Newswise — Robert Rotberg, a specialist in conflict resolution at Harvard University's Kennedy School of Goverment, will speak on "Failed States, Terror and U.S. Foreign Policy Options" at 7 p.m. Friday, Oct. 13, at Westfield State College in Westfield, Mass. His presentation is the keynote address of an international conference on "The Idea of a Failed State: Interdisciplinary Theories and Application." Several international scholars will speak on the issue during the three-day conference, Oct. 12-14.

Rotberg, also president of the World Peace Foundation, is one of the world's most prominent experts on state failure. His talk will explain what it means to describe a state as failed and relate this explanation to both the causes of global terrorism and what can be done to deal with that problem.

He is the author and editor of numerous books and articles on U.S. foreign policy, failed states, Africa, Asia, and the Caribbean. His most recent book is "Israeli and Palestinian Narratives of Conflict: History's Double Helix."

Liam Harte of Westfield State's Department of Philosophy said the conference grew out of conversations with colleagues at other institutions, especially his collaborator Mark Evans at the University of Wales in Swansea, who is also one of the speakers.

Harte said a major goal of the conference is to explore definitions of the term "failed state." "The phrase is used frequently, but among scholars it can have rather different meanings," he said. "When you get into the political and popular uses of the term it becomes even vaguer."

"An important challenge for the world community is that of dealing with so-called 'failed states,'" Harte said. "Many problems, intra- and international, are laid at their door: savage, prolonged wars; global terrorism, persecution, organized crime, the spread of disease, the impoverishment of the local population, and illegal immigration, to name only some of the most obvious.

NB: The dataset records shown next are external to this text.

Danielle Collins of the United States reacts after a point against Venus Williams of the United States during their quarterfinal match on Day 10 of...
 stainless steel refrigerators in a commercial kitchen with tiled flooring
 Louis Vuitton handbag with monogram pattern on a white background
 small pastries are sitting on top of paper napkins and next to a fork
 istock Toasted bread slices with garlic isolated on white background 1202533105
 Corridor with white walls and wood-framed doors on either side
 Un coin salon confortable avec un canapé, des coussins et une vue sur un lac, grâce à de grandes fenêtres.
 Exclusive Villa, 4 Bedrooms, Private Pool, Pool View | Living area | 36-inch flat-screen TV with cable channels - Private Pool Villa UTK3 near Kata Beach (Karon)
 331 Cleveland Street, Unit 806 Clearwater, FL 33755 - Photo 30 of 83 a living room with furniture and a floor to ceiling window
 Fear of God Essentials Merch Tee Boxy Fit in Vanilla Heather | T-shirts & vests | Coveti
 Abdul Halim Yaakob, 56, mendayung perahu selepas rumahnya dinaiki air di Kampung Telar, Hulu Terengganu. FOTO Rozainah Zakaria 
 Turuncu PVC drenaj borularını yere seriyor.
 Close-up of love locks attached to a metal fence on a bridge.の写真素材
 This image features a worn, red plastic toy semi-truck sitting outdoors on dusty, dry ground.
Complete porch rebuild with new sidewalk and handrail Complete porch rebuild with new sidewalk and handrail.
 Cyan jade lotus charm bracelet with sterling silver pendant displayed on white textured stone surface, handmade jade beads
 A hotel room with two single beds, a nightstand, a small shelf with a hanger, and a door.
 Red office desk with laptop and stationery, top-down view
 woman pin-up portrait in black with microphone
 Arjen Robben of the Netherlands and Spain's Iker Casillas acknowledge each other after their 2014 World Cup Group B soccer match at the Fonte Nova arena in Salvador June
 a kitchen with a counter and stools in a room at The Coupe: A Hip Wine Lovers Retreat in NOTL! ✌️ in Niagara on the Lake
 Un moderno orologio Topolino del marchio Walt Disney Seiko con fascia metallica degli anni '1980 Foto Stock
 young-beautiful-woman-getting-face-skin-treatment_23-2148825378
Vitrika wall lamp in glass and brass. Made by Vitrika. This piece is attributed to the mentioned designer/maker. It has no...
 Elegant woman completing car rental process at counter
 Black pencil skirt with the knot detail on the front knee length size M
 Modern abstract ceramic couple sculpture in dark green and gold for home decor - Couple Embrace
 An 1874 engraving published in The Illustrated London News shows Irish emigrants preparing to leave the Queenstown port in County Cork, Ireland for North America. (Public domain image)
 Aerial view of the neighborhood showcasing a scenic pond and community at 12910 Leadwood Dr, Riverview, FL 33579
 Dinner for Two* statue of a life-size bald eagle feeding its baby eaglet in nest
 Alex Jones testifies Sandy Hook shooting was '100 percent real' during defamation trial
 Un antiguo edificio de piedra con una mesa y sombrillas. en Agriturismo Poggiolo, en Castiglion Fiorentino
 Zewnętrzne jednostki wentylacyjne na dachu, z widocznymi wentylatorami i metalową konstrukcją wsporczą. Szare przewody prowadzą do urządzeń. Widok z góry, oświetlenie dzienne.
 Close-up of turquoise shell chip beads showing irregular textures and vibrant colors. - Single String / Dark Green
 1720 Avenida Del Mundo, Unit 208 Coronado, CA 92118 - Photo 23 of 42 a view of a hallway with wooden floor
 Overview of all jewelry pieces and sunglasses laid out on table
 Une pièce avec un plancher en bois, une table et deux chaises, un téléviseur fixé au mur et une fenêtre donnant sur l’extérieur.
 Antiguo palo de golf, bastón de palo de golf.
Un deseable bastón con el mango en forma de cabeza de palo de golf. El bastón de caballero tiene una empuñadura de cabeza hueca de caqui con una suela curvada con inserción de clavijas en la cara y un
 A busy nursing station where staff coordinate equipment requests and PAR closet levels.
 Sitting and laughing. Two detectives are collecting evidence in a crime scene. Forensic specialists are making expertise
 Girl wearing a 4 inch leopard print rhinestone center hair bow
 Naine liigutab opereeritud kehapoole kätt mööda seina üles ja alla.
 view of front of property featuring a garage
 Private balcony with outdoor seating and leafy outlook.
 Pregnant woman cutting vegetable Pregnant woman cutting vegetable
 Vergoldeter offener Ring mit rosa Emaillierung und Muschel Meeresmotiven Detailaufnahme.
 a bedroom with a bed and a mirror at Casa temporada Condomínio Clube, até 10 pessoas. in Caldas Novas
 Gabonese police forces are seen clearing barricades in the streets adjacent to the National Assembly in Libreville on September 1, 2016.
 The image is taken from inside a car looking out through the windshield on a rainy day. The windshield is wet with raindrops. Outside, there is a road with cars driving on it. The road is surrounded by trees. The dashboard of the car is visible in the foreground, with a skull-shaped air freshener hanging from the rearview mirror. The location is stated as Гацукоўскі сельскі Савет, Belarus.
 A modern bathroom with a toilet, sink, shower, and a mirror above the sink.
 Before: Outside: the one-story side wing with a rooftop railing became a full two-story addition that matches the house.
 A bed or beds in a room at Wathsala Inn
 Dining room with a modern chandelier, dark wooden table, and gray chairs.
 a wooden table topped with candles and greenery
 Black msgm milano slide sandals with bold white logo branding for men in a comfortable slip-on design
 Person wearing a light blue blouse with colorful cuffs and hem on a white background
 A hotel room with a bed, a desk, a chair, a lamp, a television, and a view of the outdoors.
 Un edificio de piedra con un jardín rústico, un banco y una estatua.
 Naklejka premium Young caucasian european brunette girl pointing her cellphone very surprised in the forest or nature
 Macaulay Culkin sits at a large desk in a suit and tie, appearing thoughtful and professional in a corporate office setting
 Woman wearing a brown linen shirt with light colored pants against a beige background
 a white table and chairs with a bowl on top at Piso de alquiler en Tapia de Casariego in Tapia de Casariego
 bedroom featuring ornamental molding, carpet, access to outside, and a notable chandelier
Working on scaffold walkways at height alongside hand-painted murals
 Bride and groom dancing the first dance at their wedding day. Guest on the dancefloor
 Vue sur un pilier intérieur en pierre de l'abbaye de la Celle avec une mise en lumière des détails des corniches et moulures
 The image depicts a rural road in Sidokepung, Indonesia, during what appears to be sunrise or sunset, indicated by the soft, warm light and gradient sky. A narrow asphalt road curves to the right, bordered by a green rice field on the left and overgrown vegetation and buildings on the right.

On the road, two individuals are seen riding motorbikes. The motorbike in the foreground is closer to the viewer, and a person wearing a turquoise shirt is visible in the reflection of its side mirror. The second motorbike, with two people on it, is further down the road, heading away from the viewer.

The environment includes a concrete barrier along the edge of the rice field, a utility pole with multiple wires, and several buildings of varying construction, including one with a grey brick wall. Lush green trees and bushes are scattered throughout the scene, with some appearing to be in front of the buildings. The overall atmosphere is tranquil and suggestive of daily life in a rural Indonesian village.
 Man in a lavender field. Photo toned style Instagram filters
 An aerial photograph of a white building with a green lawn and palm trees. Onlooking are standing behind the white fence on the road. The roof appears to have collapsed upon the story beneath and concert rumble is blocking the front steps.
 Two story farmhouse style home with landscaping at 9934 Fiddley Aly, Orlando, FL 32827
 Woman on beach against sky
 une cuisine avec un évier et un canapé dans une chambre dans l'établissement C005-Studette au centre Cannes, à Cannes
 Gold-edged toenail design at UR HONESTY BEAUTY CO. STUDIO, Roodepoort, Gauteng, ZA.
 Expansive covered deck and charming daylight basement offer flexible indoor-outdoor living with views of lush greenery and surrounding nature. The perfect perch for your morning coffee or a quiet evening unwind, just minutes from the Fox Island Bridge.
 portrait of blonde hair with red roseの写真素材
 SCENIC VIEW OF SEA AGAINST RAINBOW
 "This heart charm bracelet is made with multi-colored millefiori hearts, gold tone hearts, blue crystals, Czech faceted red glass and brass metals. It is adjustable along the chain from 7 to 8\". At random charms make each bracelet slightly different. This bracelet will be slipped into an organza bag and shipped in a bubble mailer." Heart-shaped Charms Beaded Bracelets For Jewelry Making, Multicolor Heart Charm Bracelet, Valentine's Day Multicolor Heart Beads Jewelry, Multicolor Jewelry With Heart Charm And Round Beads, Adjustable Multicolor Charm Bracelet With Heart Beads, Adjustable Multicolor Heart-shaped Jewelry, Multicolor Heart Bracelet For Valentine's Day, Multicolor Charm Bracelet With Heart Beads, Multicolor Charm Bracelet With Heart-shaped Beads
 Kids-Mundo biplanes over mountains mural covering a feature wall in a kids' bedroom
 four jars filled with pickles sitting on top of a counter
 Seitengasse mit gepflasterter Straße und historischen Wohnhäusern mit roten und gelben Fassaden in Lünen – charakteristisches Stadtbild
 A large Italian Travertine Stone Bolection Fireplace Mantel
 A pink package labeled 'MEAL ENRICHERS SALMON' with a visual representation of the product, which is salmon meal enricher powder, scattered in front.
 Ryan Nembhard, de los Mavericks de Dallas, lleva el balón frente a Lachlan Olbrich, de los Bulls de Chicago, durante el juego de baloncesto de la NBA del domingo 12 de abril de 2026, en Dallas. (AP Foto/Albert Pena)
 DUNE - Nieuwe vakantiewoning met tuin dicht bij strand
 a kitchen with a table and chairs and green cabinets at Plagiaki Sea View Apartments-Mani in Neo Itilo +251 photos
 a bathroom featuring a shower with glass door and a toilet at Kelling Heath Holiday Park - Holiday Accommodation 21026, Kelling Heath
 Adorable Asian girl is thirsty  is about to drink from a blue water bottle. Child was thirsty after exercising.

These problems are clearly important, and if they are caused or worsened by the very existence of failed states, then solving them requires that we firmly grasp that phenomenon."

The scheduled speakers are: Denise Baer (Washington College); Venelin Ganev (Miami University of Ohio); Adrian Hehir (University of Sheffield, UK); Cristof Kurz (Tufts University); Vanessa Ruget (Wheaton College); Marcel Tomasek (Masaryk University, Czech Republic); Mark Schuller (University of California, Santa Barbara); Christoph Stefes (University of Colorado at Denver); Jason Strakes (Claremont Graduate University); Tom Wood (Trinity College, Hartford); Enayatollah Yazdani (University of Isfahan, Iran); and independent scholars William Barnes and Saby Ghoshray.

Panels will be chaired by members of Westfield's departments of political science and philosophy.